What to work on: Copy the material below verbatim from the line with "Latest Digital 40x40cm" to the line with "Iowa State Cyclones", both lines included, omitting pictures and every line outside that range.

Stored data:
# # # # #
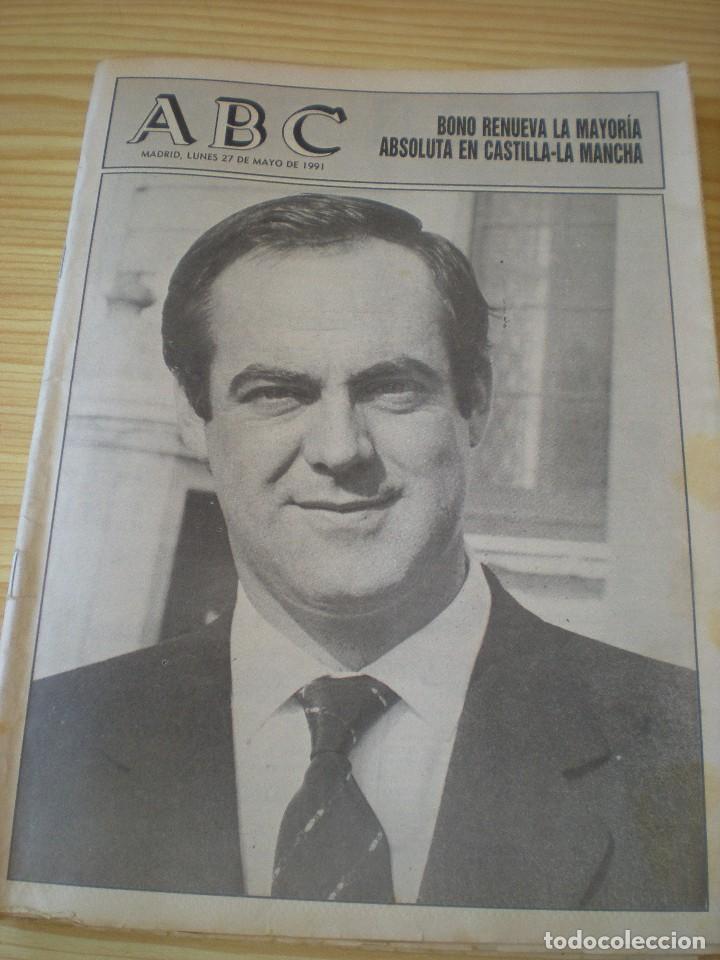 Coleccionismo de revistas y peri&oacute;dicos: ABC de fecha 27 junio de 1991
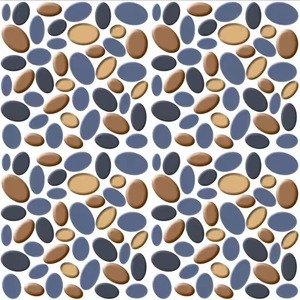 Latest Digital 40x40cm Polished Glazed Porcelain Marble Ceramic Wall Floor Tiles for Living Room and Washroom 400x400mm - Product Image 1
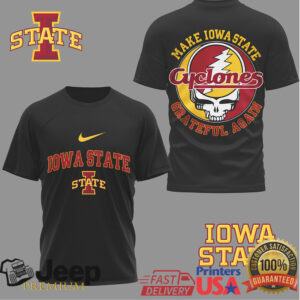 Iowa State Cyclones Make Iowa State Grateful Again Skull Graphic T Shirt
# # # # #
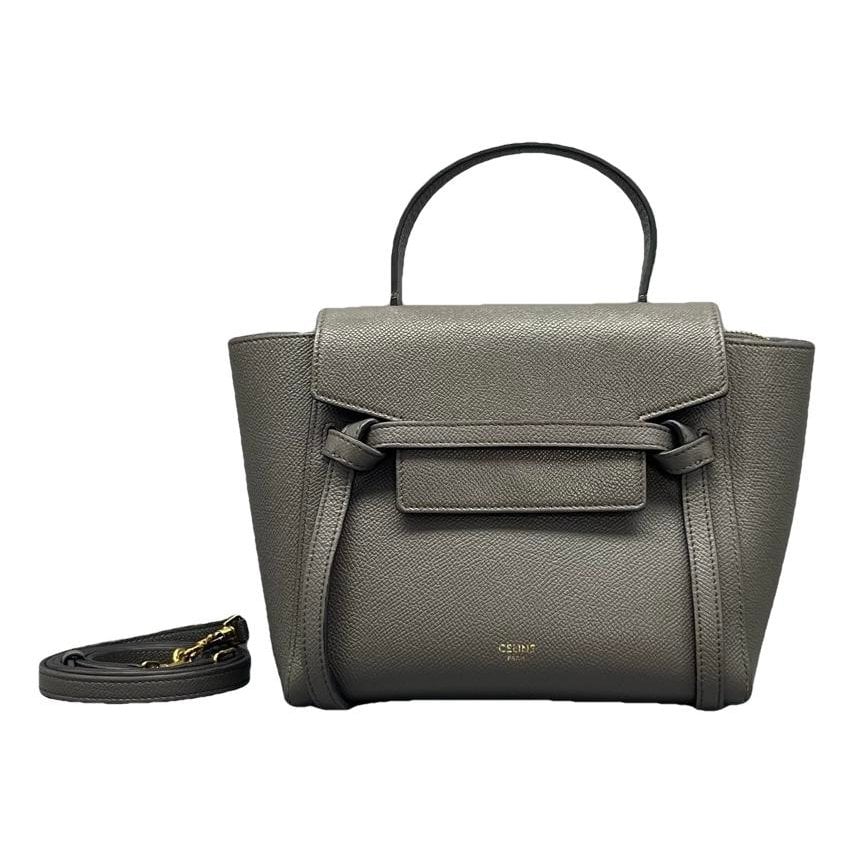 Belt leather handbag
# # # # #
Answer to this task:
 Latest Digital 40x40cm Polished Glazed Porcelain Marble Ceramic Wall Floor Tiles for Living Room and Washroom 400x400mm - Product Image 1
 Iowa State Cyclones Make Iowa State Grateful Again Skull Graphic T Shirt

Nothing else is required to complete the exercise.